O historiador compara esse período com, por exemplo, um religioso que esteja em uma cruzada contra o casamento de pessoas do mesmo sexo. Ele pode fazer, afirma o professor, uma leitura própria dos textos da Bíblia para apoiar o seu ponto de vista, digamos, condenando o casamento homossexual, mas permitindo a separação e novo casamento de heterossexuais. "Essas atualizações teológicas são muito mais o 'meu espelho' do que história."

Chevitarese diz ainda que temos encarar as comunidades religiosas como sendo plurais, com cada uma com suas ideias e problemas, mas todas buscando um mesmo modelo a seguir. "Toda e qualquer experiência religiosa (...) é sempre uma experiência humana que busca viabilizar um contato com esse 'mundo cósmico', por isso são sempre plurais e multifacetadas, ou seja, há cristianismos, há judaísmos, há islamismos. (...) Eu não acho que o modelo que aparece aí de um Jesus se referindo a alguém, que a gente não sabe (quem é), mas como 'minha mulher', que isso seja uma discussão que estava em todas as comunidades cristãs, isso é uma questão específica de uma comunidade que introduziu o texto. Eu vejo experiências cristãs, eu não vejo cristianismo. Essa é uma leitura teórica minha."

Karen King, pesquisadora que apresentou o fragmento, acredita que o papiro foi criado entre os séculos 2 e 4 - ainda não foi analisada quimicamente a data do objeto - e que pertença a um texto maior, escrito em grego e que seria um evangelho desconhecido.

Mudanças hoje
O historiador afirma que esse pequeno papiro milenar está diretamente ligado a uma discussão bem atual - a do papel da mulher na Igreja. "A igreja católica hoje (se fosse comprovado que Jesus não foi celibatário) continuaria achando legitimação e base para sustentar a tese de que seus sacerdotes e suas irmãs consagradas, as freiras, devem ser celibatários? E as teólogas feministas que reivindicam para si um espaço maior de atuação no campo das igrejas que elas atuam, podem ser consagradas como sacerdotisas e estarem no púlpito pregando? Esse é um ponto nevrálgico da questão. É isso que movimenta a discussão de um documento como esse que Karen King, uma pesquisadora seríssima, traz à tona."
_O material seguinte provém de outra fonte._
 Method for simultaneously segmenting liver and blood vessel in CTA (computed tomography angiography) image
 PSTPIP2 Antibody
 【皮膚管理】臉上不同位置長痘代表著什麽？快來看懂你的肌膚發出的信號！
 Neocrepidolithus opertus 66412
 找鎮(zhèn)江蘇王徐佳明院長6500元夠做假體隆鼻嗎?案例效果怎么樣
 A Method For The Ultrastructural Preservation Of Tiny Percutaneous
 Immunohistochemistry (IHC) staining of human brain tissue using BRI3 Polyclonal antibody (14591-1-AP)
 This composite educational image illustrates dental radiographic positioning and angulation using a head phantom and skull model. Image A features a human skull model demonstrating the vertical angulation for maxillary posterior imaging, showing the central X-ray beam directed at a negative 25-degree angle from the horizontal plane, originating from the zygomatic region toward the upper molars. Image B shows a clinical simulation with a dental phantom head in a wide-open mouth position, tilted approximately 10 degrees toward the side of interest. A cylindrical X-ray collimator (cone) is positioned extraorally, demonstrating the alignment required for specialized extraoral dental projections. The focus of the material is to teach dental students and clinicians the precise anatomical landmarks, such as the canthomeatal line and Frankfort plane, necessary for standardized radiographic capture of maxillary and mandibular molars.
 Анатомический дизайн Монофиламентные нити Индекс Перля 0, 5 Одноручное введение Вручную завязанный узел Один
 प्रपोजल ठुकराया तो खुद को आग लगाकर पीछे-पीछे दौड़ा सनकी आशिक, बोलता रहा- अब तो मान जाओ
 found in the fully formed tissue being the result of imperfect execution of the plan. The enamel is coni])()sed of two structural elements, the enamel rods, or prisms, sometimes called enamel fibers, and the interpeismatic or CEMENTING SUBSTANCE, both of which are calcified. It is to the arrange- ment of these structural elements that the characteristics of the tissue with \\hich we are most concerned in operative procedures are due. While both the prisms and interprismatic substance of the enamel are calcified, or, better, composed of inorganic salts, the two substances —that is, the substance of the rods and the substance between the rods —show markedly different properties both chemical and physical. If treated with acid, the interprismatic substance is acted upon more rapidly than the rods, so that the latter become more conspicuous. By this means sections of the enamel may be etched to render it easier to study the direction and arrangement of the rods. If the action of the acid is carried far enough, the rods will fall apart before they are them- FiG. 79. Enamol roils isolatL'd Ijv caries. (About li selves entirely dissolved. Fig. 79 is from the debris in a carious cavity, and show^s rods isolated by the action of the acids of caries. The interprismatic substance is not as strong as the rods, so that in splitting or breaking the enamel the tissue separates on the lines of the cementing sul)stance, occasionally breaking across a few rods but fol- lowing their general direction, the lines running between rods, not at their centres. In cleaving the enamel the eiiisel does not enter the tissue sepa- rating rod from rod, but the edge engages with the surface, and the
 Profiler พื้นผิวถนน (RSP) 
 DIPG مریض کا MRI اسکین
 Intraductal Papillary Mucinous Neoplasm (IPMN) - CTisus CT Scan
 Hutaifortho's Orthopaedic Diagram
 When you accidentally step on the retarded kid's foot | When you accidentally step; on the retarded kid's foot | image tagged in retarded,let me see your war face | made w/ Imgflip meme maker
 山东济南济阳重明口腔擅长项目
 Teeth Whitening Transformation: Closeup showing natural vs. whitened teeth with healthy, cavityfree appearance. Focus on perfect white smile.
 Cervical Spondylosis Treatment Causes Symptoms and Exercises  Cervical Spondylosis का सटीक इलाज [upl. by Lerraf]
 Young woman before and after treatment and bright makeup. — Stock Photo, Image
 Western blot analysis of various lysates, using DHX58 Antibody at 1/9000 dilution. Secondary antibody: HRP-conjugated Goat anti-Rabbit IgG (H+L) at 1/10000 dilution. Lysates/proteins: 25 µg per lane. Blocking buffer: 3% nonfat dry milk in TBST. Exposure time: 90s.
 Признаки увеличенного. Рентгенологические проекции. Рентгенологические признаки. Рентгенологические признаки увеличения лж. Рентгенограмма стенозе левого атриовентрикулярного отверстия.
"No fundo, essas discussões eu acho que pouco têm a ver com Jesus, mas Jesus é central porque ele fala a cerca de 3 bilhões de indivíduos hoje. Mas se Jesus era casado ou não, nada tem a ver com século 1, século 2 ou século 3, porque já passou, mas tem a ver com o século 21. Se Jesus era casado, eu tenho que repensar as estruturas que as igrejas católica, ortodoxa grega, as protestantes históricas me oferecem."

Maria Madalena
"Se nós tivéssemos que projetar uma suspeita sobre que Maria é essa, eu apostaria 100% das minhas fichas em Maria Madalena. Maria Madalena é uma pedra no sapato, é um incômodo para a ortodoxia. Por que é um incômodo para a ortodoxia? Por que ela seria a verdadeira mulher de Jesus? Não, porque Maria Madalena, no Evangelho de João (penúltimo capítulo), é a única testemunha ocular a informar que Jesus não está morto, está vivo, que seu corpo não foi roubado, mas que seu corpo foi ressuscitado e que, de fato, nele se cumpre todas as promessas que foram feitas pelos profetas, por Deus, etc. Então, ela, desde o início, goza de uma primazia que gera um incômodo no século 2, no século 3 no processo de negociação entre em uma ortodoxia e o Império Romano. E essa ortodoxia impondo uma leitura falocrática".

O pesquisador afirma que esse debate se encerra somente no século 6, quando é adotada a figura de Maria Madalena como uma prostituta arrependida. "Antes disso, ela tem esse espectro extremamente vasto, que vai desde uma apóstola, passando por mulher, até uma prostituta. Mas, é com o papa Gregório é que ela vai ganhar esse contorno dentro da ortodoxia de que ele é obrigado a reconhecer que ela tem uma proeminência, mas (afirma que) um dia foi prostituta. É uma leitura maldosa, que nada tem a ver com Maria Madalena", diz o historiador.

Conforme Chevitarese, a Igreja foi desfazer essa imagem apenas no século 19 (quando passou a ser considerada santa), mas a ideia já estava cristalizada. Até o cinema ajudou a difundir a visão de que Maria Madalena era prostituta - o professor cita o filme O Rei dos Reis, de 1927, de Cecil B. DeMille.